Problem statement = The answer must be an exact copy of the records below, with every picture left out.

(Short descriptive text snippets)
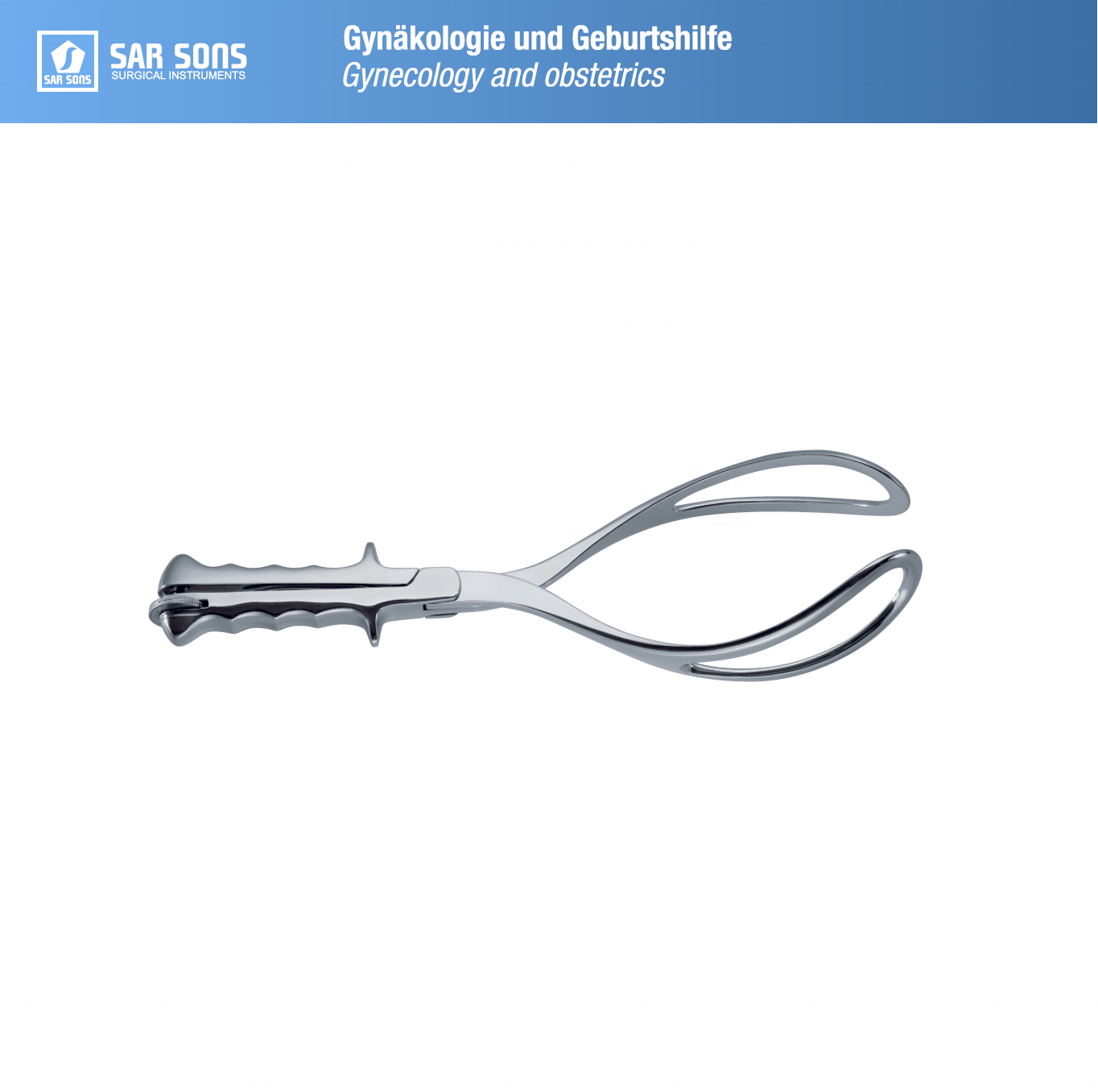 Elliot Obstetrical gynecology & obstetrics forceps 320 mm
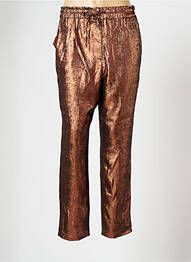 Pantalon droit taille haute taille haute marron VIE TA VIE femme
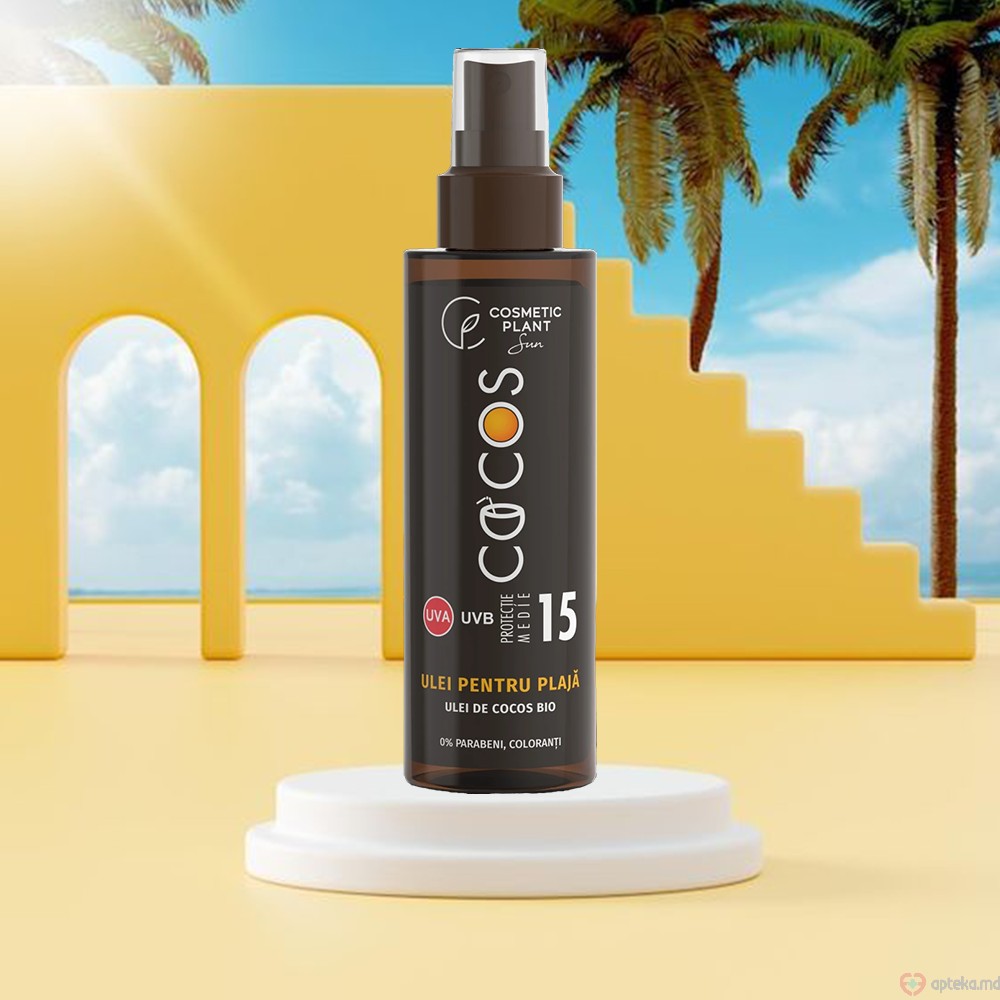 Cosmetic Plant Ulei pentru plaja COCOS SPF 15 150ml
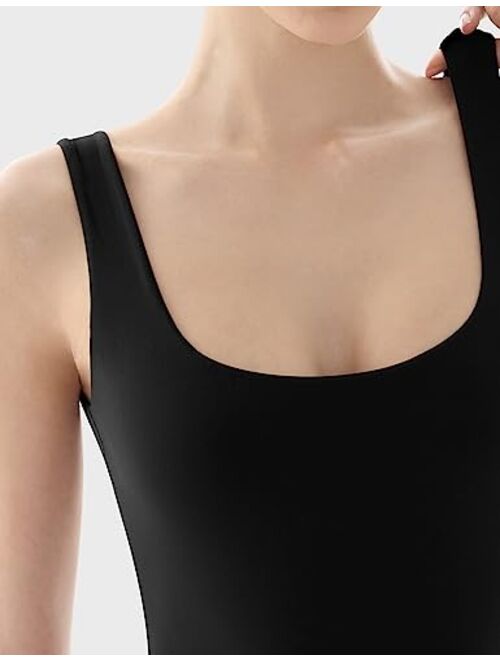 PUMIEY Bodysuit for Women Sleeveless Backless Tank Top Sharp Collection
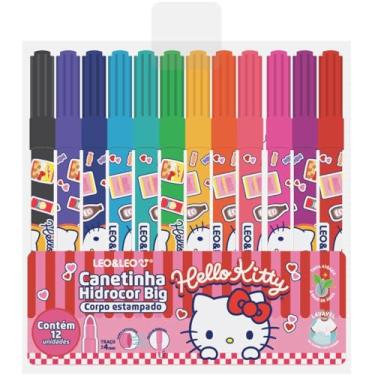 Imagem de Hidrocor Big Corpo Estampado Hello Kitty - Estojo C/ 12 Und Leo&leo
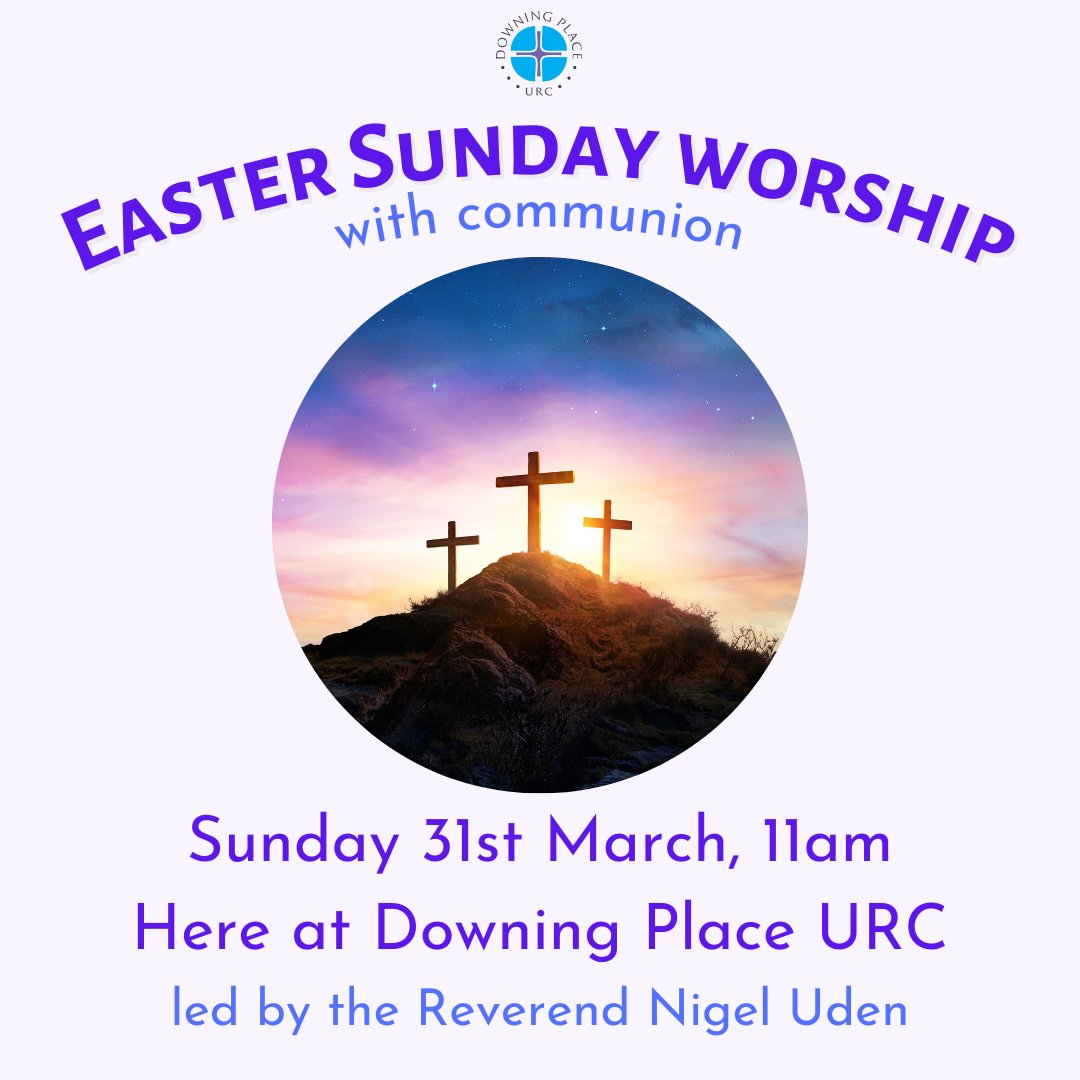 Gather here for a communion service on Easter Day; 11am Sunday 31st March; a time to rejoice and be glad in the good news!

#findyourplace #Easterday #CambridgeEaster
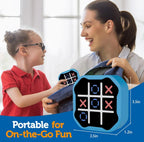 MindBolt™ 4-in-1 Portable Tic Tac Toe Puzzle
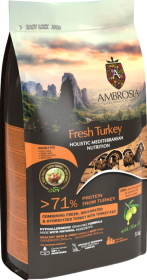 Ambrosia Mediterranean Senior Light Fresh Turkey Sucha Karma z indykiem dla psa 5kg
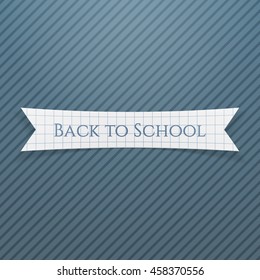 Back to School Text on realistic Badge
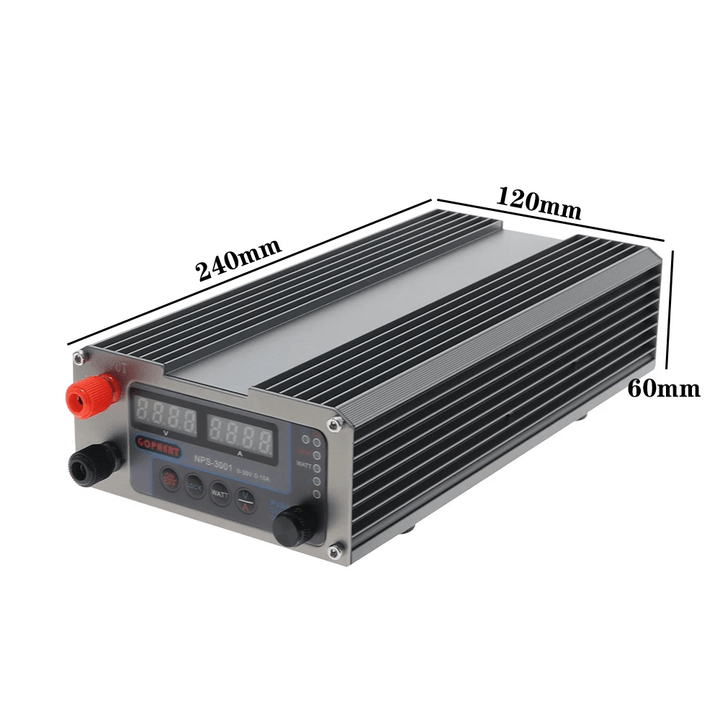 GOPHERT NPS-3001 30V 10A Compact Adjustable Digital DC Power Supply OVP/OCP/OTP Power Supply EU AU Plug - MRSLM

Result of this task =
 Elliot Obstetrical gynecology & obstetrics forceps 320 mm
 Pantalon droit taille haute taille haute marron VIE TA VIE femme
 Cosmetic Plant Ulei pentru plaja COCOS SPF 15 150ml
 PUMIEY Bodysuit for Women Sleeveless Backless Tank Top Sharp Collection
 Imagem de Hidrocor Big Corpo Estampado Hello Kitty - Estojo C/ 12 Und Leo&leo
 Gather here for a communion service on Easter Day; 11am Sunday 31st March; a time to rejoice and be glad in the good news!

#findyourplace #Easterday #CambridgeEaster
 MindBolt™ 4-in-1 Portable Tic Tac Toe Puzzle
 Ambrosia Mediterranean Senior Light Fresh Turkey Sucha Karma z indykiem dla psa 5kg
 Back to School Text on realistic Badge
 GOPHERT NPS-3001 30V 10A Compact Adjustable Digital DC Power Supply OVP/OCP/OTP Power Supply EU AU Plug - MRSLM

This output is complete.